Era uma vez uma região rica em recursos naturais, com um excepcional patrimônio histórico, cultural e ambiental, bom clima e uma importante rede de povoações. No entanto, os habitantes do lugar, em sua maioria camponeses cansados de viver mal, tinham emigrado para as grandes cidades em busca de prosperidade. As povoações, vazias e semi-arruinadas, se encontravam rodeadas de terras exploradas por latifundiários distantes.
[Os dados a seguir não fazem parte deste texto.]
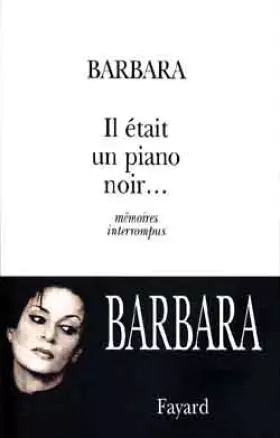 Couverture du produit · Il était un piano noir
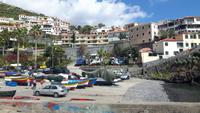 Camara de Lobos - Hafen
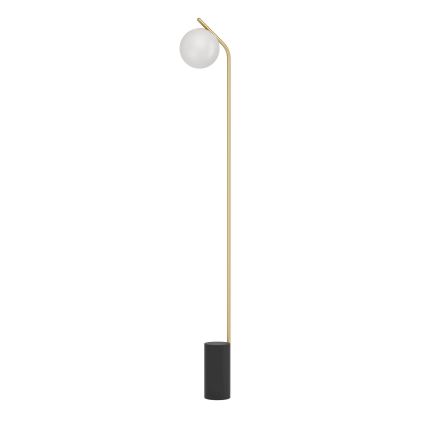 Eglo - Stojací lampa 1xE27/40W/230V zlatá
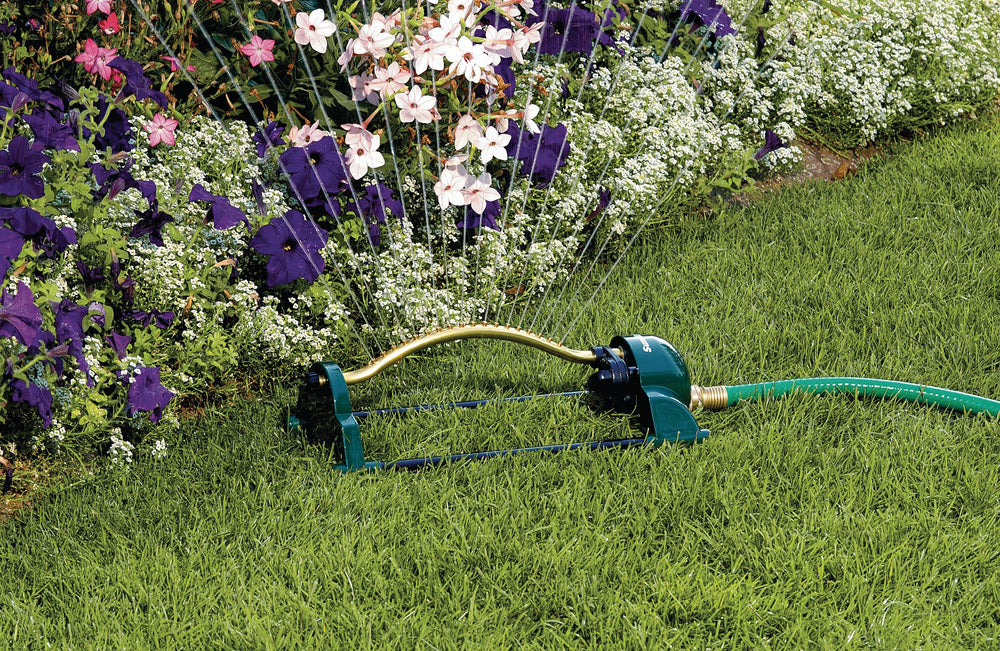 3600 Sq. Ft. Metal Oscillating Sprinkler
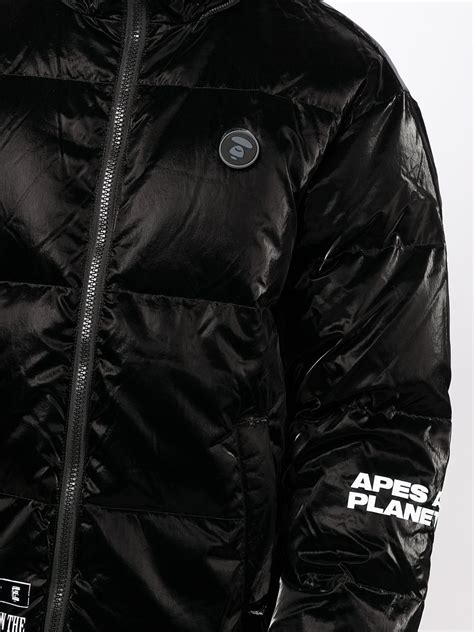 bathing ape puffer jacket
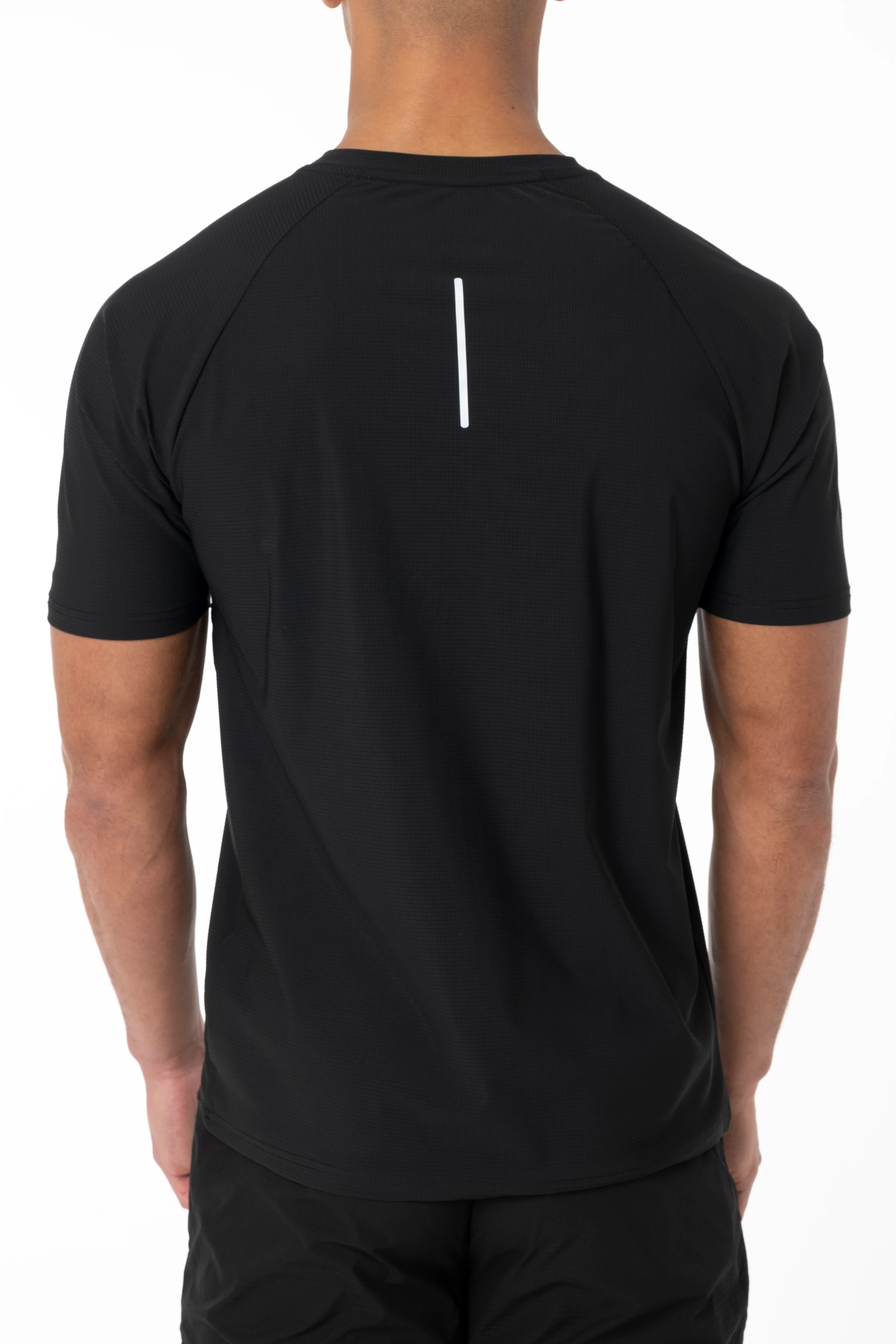 Black / Grey Verto T-Shirt - Image 5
De quando em vez, funcionários da capital iam de visita com propostas que ninguém conseguia entender: ofereciam um centro de recreação quando o que a população necessitava era um centro de saúde; auto-estradas com três pistas, quando não havia água nas casas ou irrigação no campo; ônibus para transporte até a cidade, quando o que as pessoas queriam era ficar onde estavam, trabalhar a terra e trazer de volta seus pais e filhos.
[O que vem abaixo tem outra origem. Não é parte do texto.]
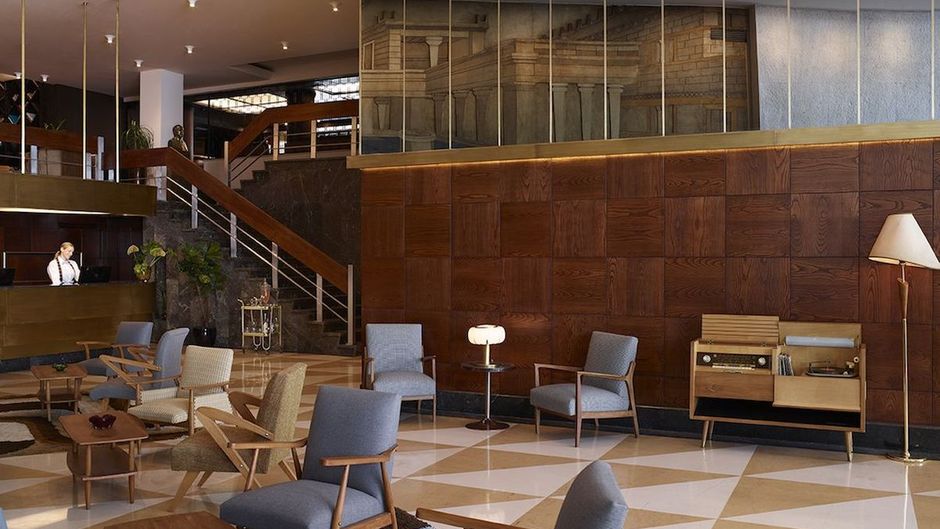 Brown Acropol Lobby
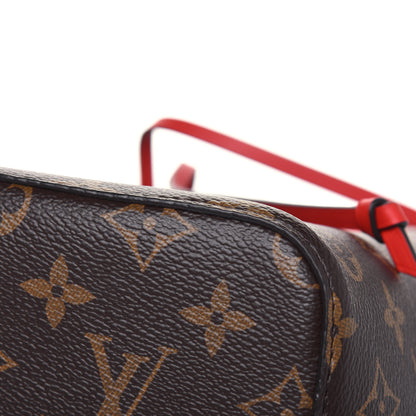 Louis Vuitton Monogram Neonoe MM Coquelicot 12 of 15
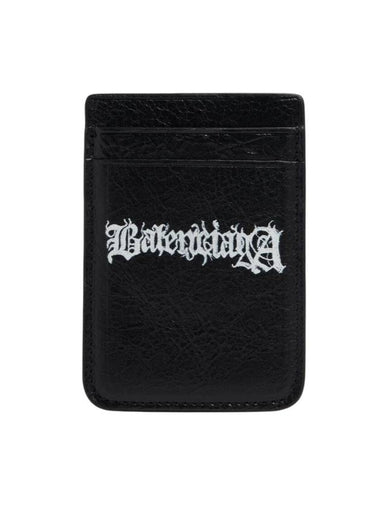 Cash Magnet Card Wallet Black - BALENCIAGA - BALAAN 1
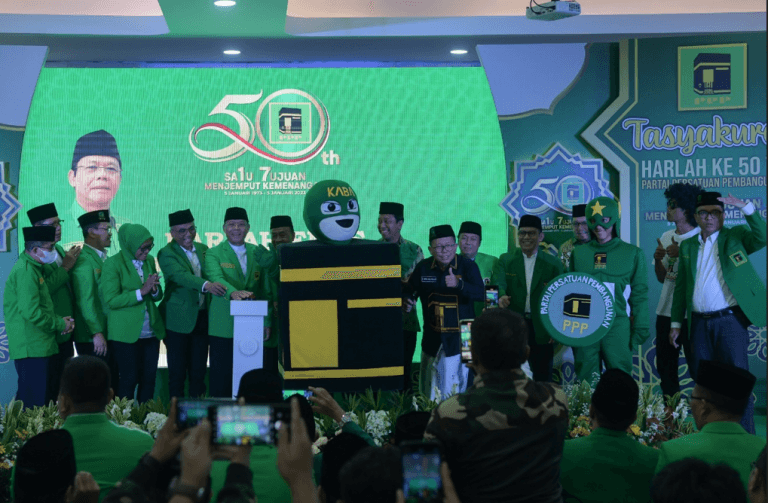 Harlah Emas PPP ke-50 Tahun, Satu Tujuan Menjemput Kemenangan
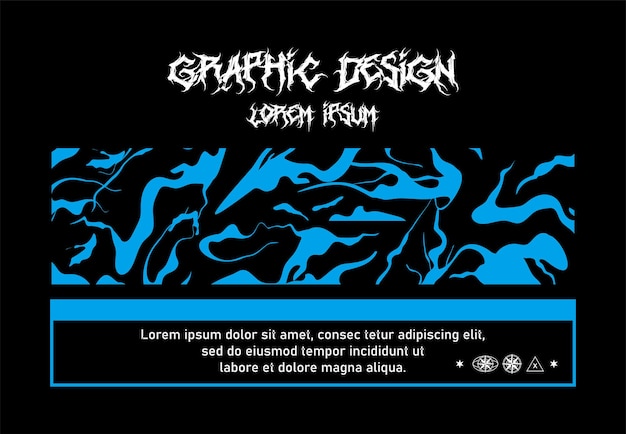 texto de tipografía con el diseño más reciente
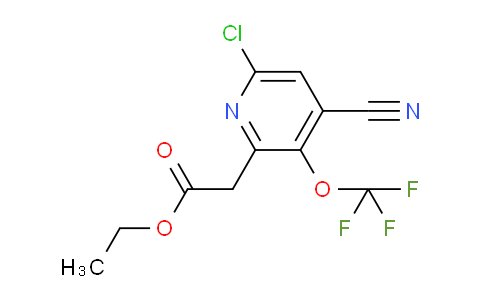 AM20240 | 1803910-97-5 | Ethyl 6-chloro-4-cyano-3-(trifluoromethoxy)pyridine-2-acetate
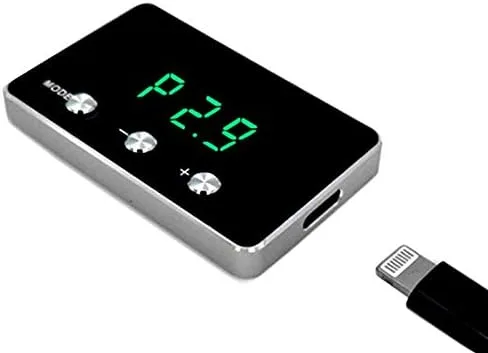 Vista 2 de Controlador de acelerador Controlador de respuesta de pedal Drive By Wire Ajustes de multimodo sensibilidad ajustable Plug and Play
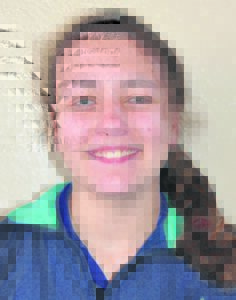 Tanisha se oog is fyn ingestel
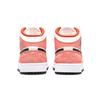 (GS) Air Jordan 1 Mid SE 'Оранжевый Замш' Детские DV1336-800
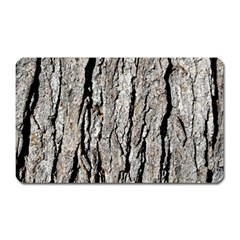 Tree Bark Magnet (rectangular) by trendistuff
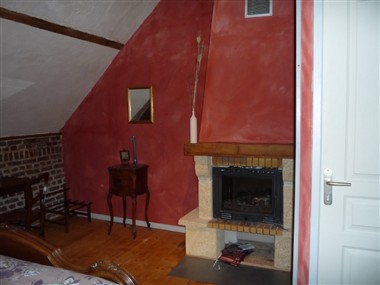 La cheminée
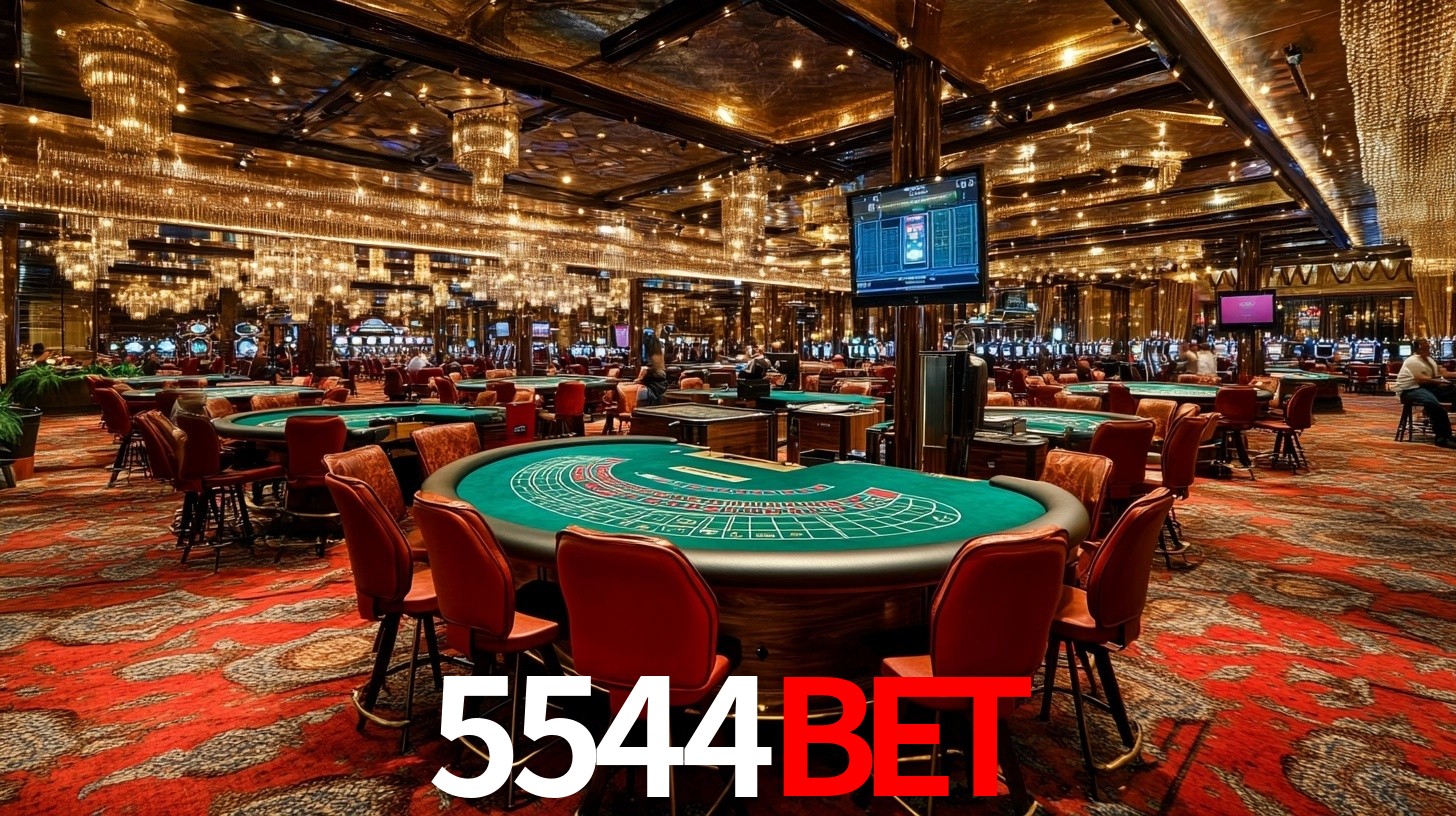 5544bet: Seu Cassino Premiado com Pagamentos Rápidos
Este bem poderia ser o diagnóstico de muitas regiões rurais na América Latina, mas tratava-se da legendária Andaluzia, no sul da Espanha.

Um belo dia, os habitantes dessa região se puseram de acordo. Formaram Grupos de Ação Locais (GAL) e, com a ajuda de técnicos do governo e representantes dos sindicatos e dos empresários, elaboraram um dignóstico sobre sua situação, traçaram diretrizes para o futuro e redigiram propostas concretas para o presente. A partir daquele momento, toda ajuda ou proposta do exterior teria que passar por eles.

Dez anos depois, a situação de Andaluzia havia melhorado tanto que os próprios moradores garantem: "Ninguém reconhece nossos povoados".

José Emilio Guerrero, catedrático da Universidade de Córdoba, Espanha, foi testemunha desse processo excepcional de transformação. Guerrero foi recentemente convidado pelo Indes (Instituto de Desenvolvimento Social do BID) para ministrar cursos sobre capacitação rural. Dá também apoio à Unidade de Desenvolvimento Rural do BID na preparação de um programa de desenvolvimento rural que incorpora vários aspectos da experiência andaluz. Guerreiro conversou recentemente com Charo Quesada, jornalista do BIDAmérica.

BIDAmérica: O que aconteceu em Andaluzia?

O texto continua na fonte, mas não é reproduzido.